→ **EXERCISE BRIEF**:
Begin at the line containing "Manavgat'ta 2 otomobil çarpıştı: 1 yaralı" and copy exactly through the last line of the listing, skipping every picture.

→ **INPUT DATA**:
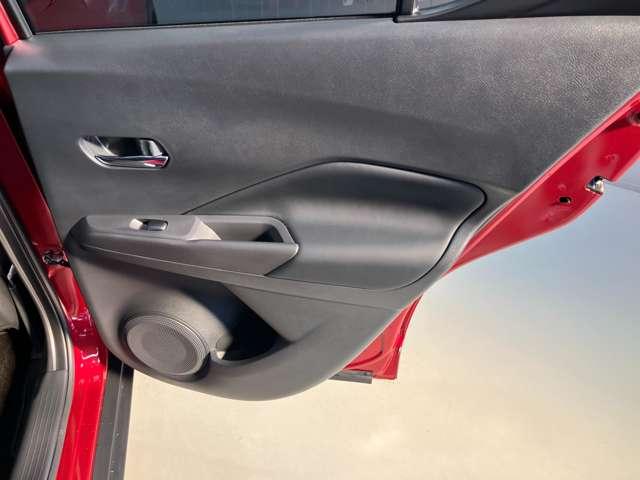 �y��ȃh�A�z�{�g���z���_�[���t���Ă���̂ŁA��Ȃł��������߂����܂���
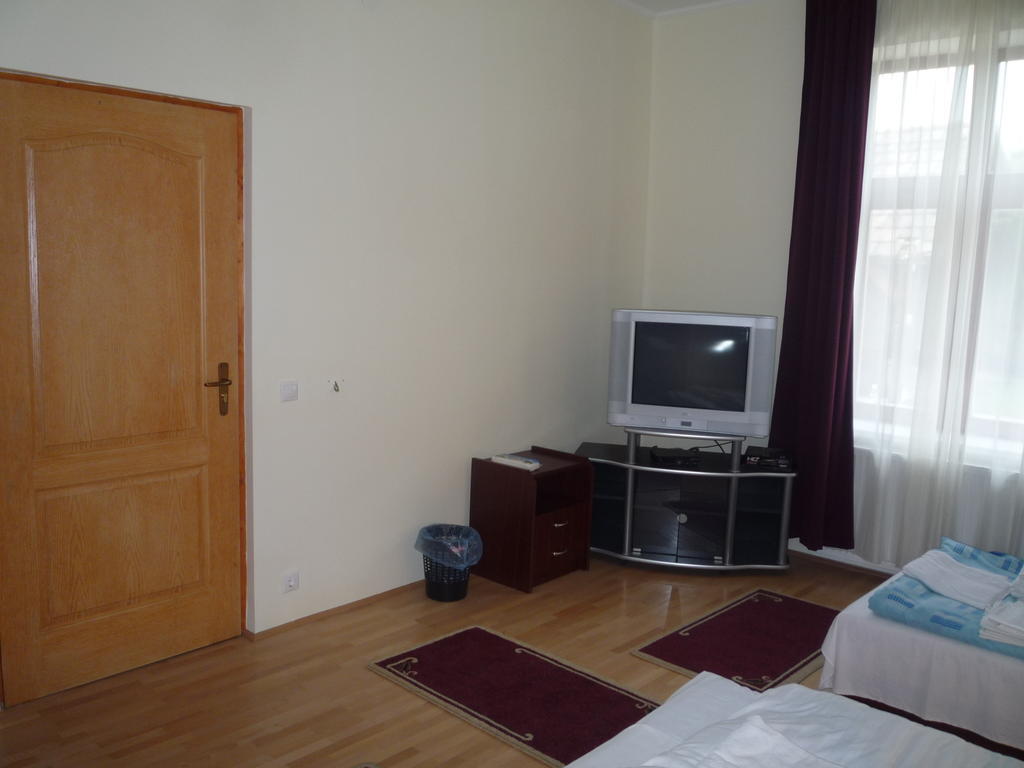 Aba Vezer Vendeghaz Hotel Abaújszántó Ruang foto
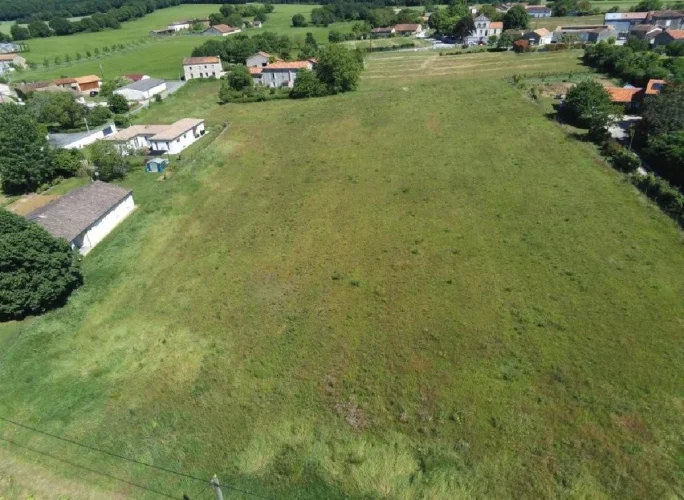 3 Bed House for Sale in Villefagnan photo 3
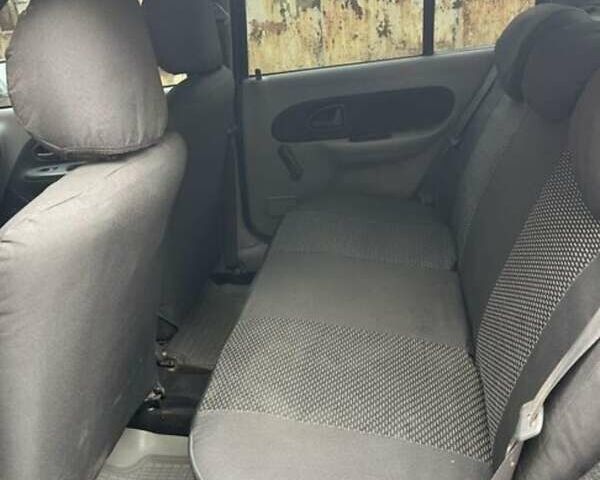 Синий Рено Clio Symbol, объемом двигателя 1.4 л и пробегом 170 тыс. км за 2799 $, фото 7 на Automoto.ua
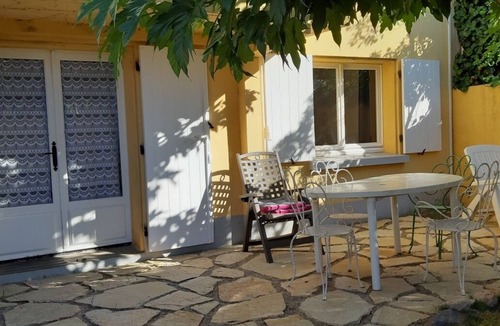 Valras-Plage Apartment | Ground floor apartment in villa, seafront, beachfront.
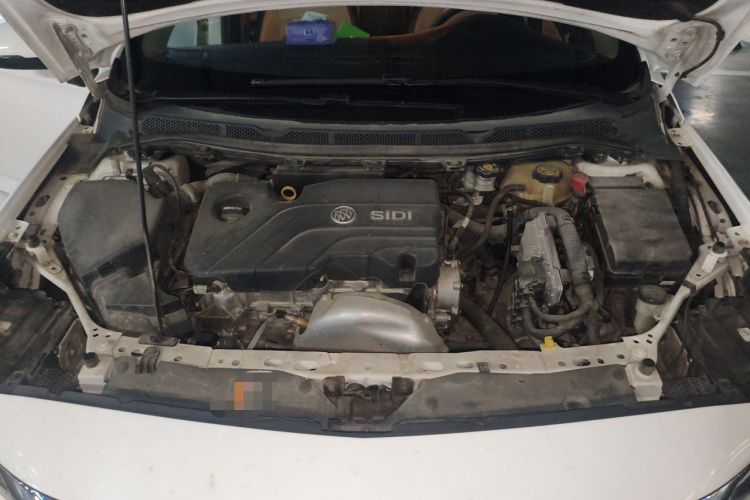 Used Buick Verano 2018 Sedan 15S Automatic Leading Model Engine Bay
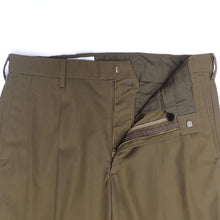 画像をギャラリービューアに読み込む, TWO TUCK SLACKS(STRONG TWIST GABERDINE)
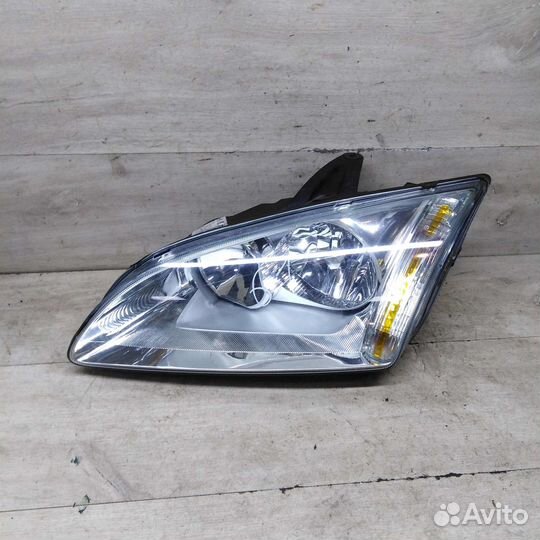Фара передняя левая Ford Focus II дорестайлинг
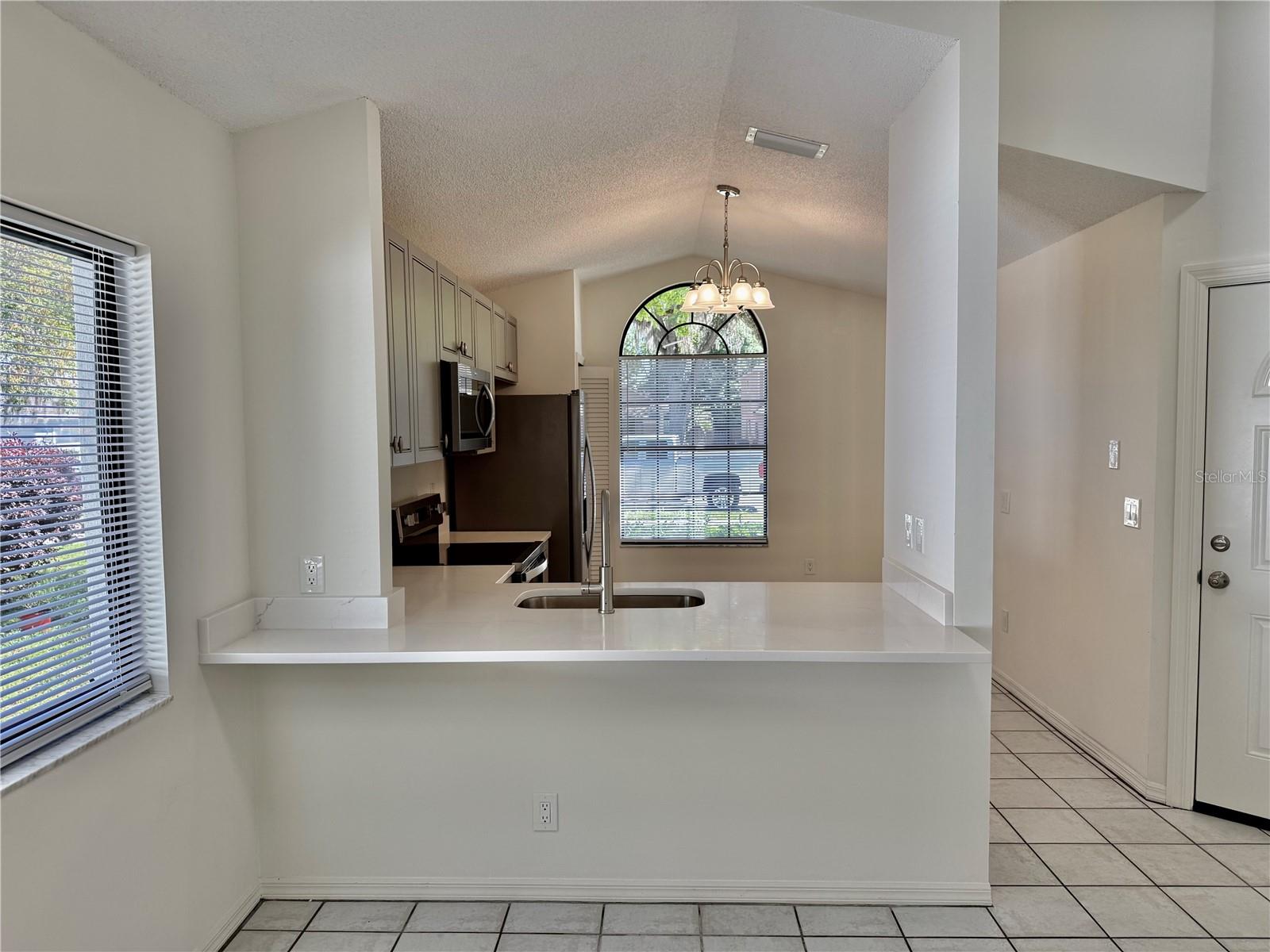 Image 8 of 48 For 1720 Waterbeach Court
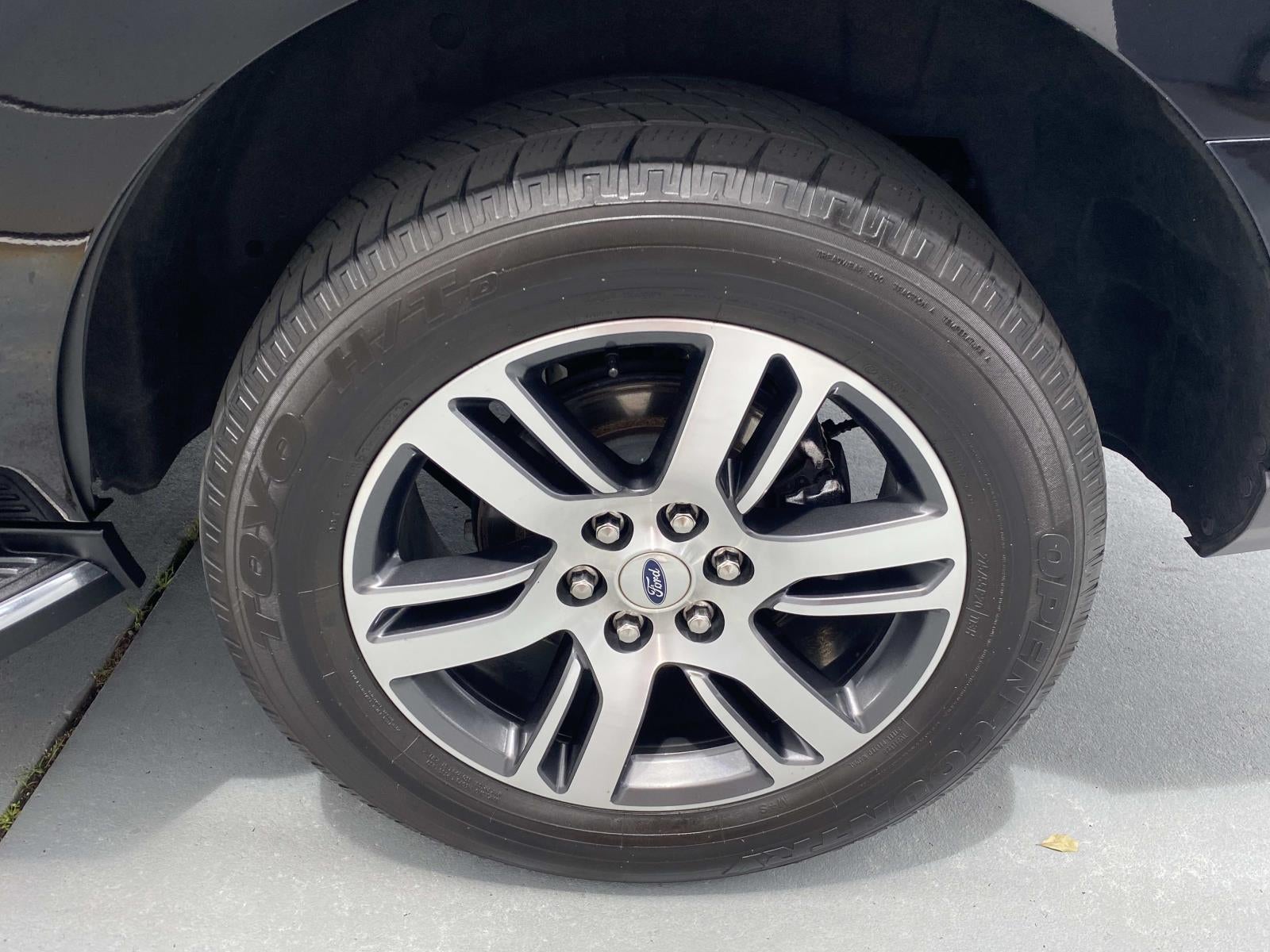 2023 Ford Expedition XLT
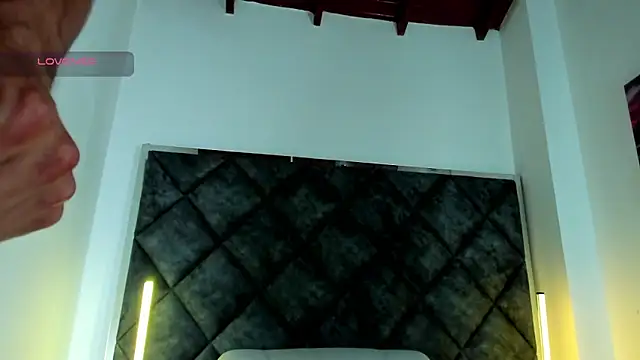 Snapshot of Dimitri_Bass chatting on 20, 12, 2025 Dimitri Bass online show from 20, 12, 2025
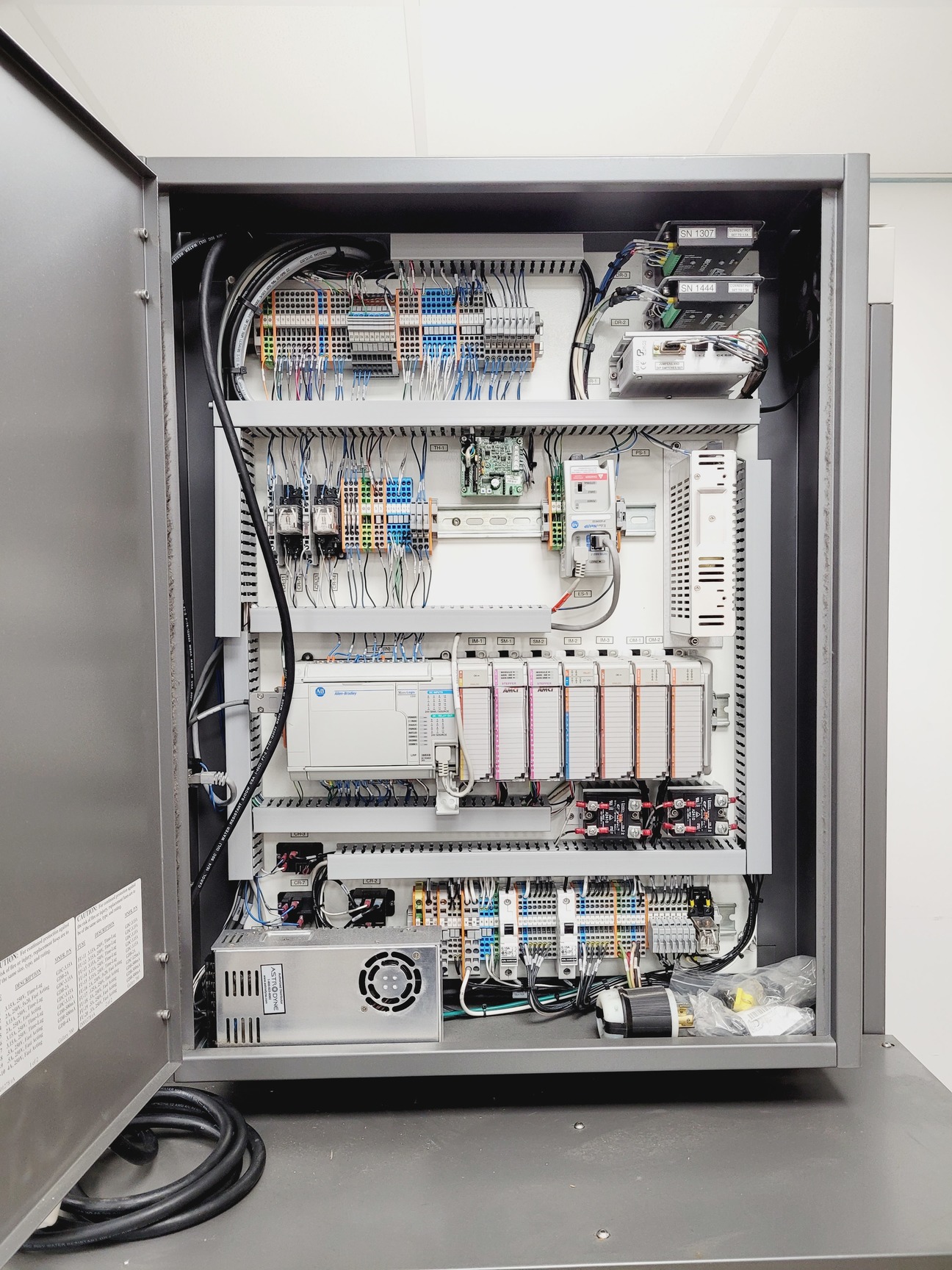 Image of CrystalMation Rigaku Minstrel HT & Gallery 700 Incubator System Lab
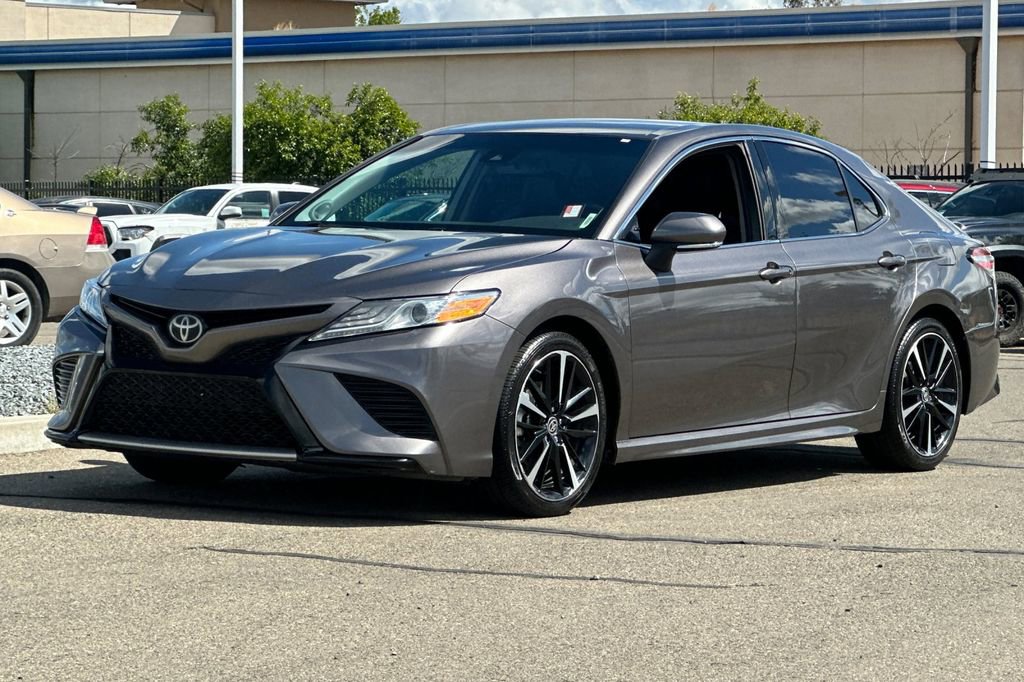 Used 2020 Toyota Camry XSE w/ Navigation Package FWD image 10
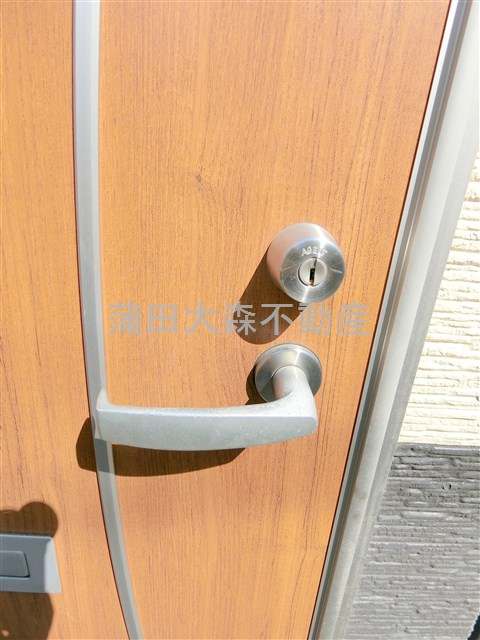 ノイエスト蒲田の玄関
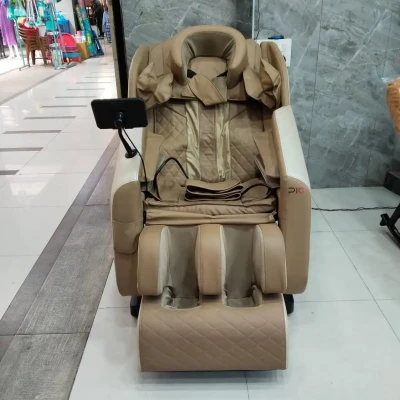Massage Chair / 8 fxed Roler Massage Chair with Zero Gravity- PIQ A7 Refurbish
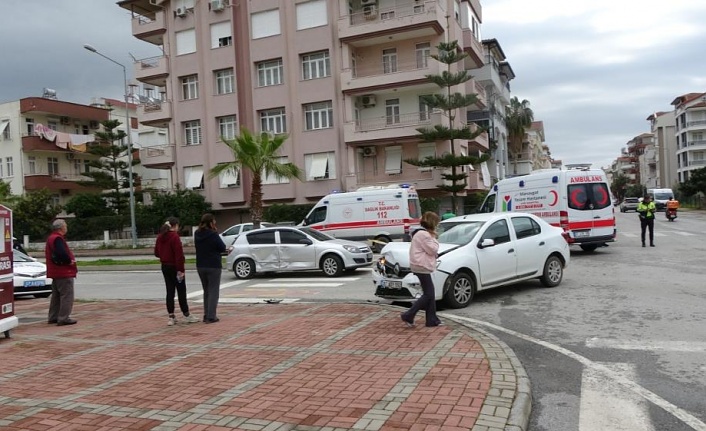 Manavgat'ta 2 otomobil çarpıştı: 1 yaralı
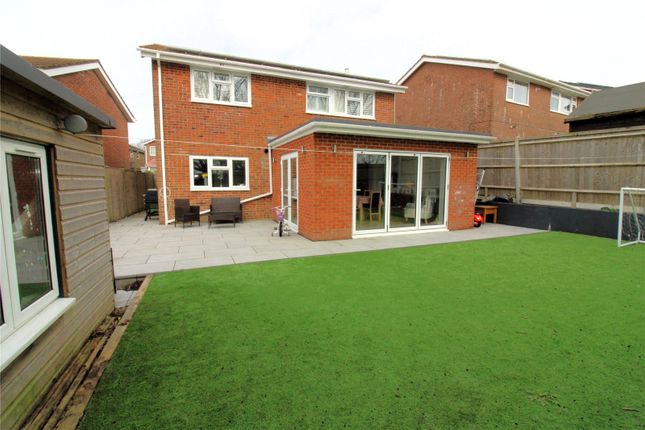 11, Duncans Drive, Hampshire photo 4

→ **REPLY TO THE TASK**:
 Manavgat'ta 2 otomobil çarpıştı: 1 yaralı
 11, Duncans Drive, Hampshire photo 4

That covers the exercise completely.